Post aus Abchasien

Das steinerne Land

Von Maximilian H.
10.04.2002. "Hier haben die Abchasen das Sagen. Niemand sonst, außer vielleicht noch den Russen, ihrer Schutzmacht." Fahrt durch ein vom Krieg zerstörtes Land. Aus dem Archiv - aber aktuell!
Die Brücke über den Inguri

- Wollen Sie sehen? - fragt der Stabsarzt. Er schaltet runter in den dritten Gang und sieht mich schräg von der Seite an. Links liegt das halbverfallene Fort aus der Türkenzeit. Vor uns müsste jetzt die Brücke (Bild) über den Inguri kommen. Die Waffenstillstandslinie.

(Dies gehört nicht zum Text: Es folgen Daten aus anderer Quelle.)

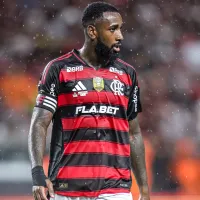 Árbitro explica expulsão de Gerson no clássico entre Flamengo e Botafogo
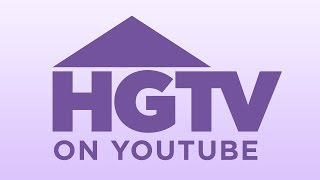 HGTV on YouTube  HGTV [upl. by Krissie208]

Ich nicke. Der Mann von der Bundeswehr reißt den Land Cruiser von der Straße auf die Piste, haut den Vierradantrieb rein, stemmt sich in den Sitz. Rambo lässt grüßen. Wir plumpsen in zwei, drei Löcher, schlingern über Schlamm und Panzerspuren, rutschen weg, kommen einem Mauerrest der Türkenfestung zu nahe, gefährlich nahe, torkeln gerade noch knapp auf die freie Seite. Endlich die feste Grasnarbe. Ein kurzer, heftiger Spurt, dann stehen wir mit einem Ruck. Ich unterdrücke mein Dankeschön; es würde seltsam klingen nach diesem verrückten Gewaltritt. Vor uns wie ein eingefriedeter Acker, der Soldatenfriedhof. Mit leichtem Druck öffnet sich die Pforte. Ich gehe auf die Steinplatte zu. Drei Kreuze bilden einen Halbkreis.

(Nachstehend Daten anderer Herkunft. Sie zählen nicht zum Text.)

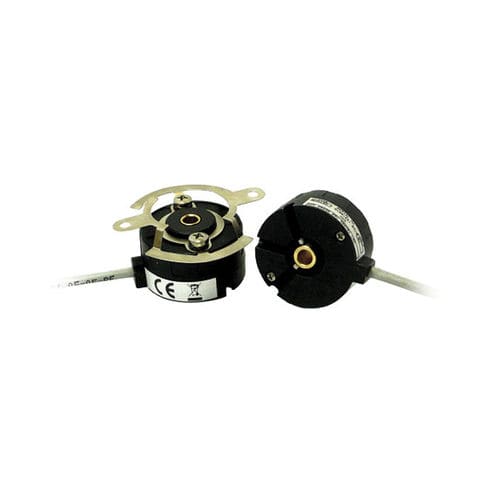 Encoder rotativo incrementale - EN 413 - GIVI MISURE - assoluto / ottico / ad albero cavo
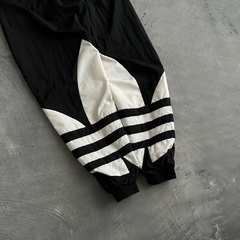 Pantalón Rompevientos adidas big Trefoil Women / Talle XS en internet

- Passen Sie gut auf, dass Sie nicht einsacken, Sie mit Ihren Halbschuhen! - ruft der Uniformierte.

Ich drehe mich um. Er steht in der offenen Tür des Geländewagens; mit verschränkten Armen, den Kampfanzug aufgepeppt mit Halstuch, Sonnenbrille, polierten Schnürstiefel. Wie ein State Trooper aus einer US-Serie. Er klingt nicht gerade freundlich. Ist wohl sauer, dass er mich am Wochenende von Senaki abholen musste. Die UNO-Antonow aus Tiflis hatte Verspätung und außer den verlassenen Bunkern für die zwei Dutzend MIG 29, die in der Sowjetzeit hier stationiert waren, gibt es auf dem Flugplatz nichts. Jedenfalls nichts, was einem Bundeswehrstabsarzt im UNO-Einsatz die Zeit verkürzen könnte. Nur narbiger Asphalt, Ölflecken, wildwachsendes Gras und eine windschiefe Bretterbude. Und natürlich der Blick auf den Kaukasus. Sogar zwei davon: den Großen Kaukasus im Norden und den Kleinen Kaukasus im Süden.

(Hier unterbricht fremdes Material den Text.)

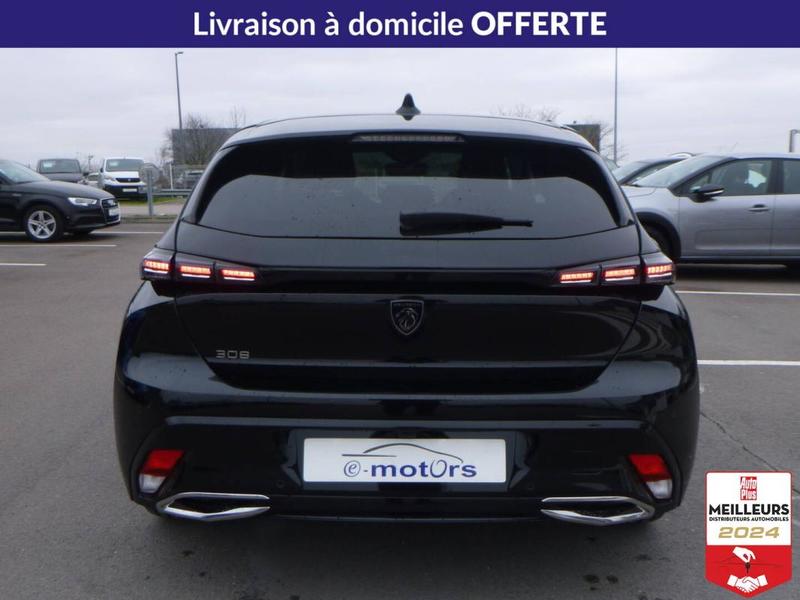 Peugeot 308 PureTech 130 Eat8 Allure Pack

Ich knöpfe den Mantel zu und klappe den Kragen hoch. Er kann mich mal. Es ist blendend hell, ein kalter Wind fegt von den Bergen in die Ebene. Der Wind trägt einen feinen Geruch heran wie von trockenem Gras. An den Viertausendern ist jede Zacke zu erkennen. Die Schneespitzen stechen weiß in einen stählernen Himmel. Als hätte jemand das Bild am Computer bearbeitet. Davor im Vordergrund der Toyota und der Stabsarzt. Wie ein Werbefoto für japanische Geländewagen und auf flott gebürstete Stabsärzte der Bundeswehr bei der UNO. Schöne neue Welt. Ich gehe langsam zurück und wische die Schuhe am Gras ab, bevor ich wieder in den Land Cruiser steige. Die Pforte hat Teerspuren an den Fingern hinterlassen.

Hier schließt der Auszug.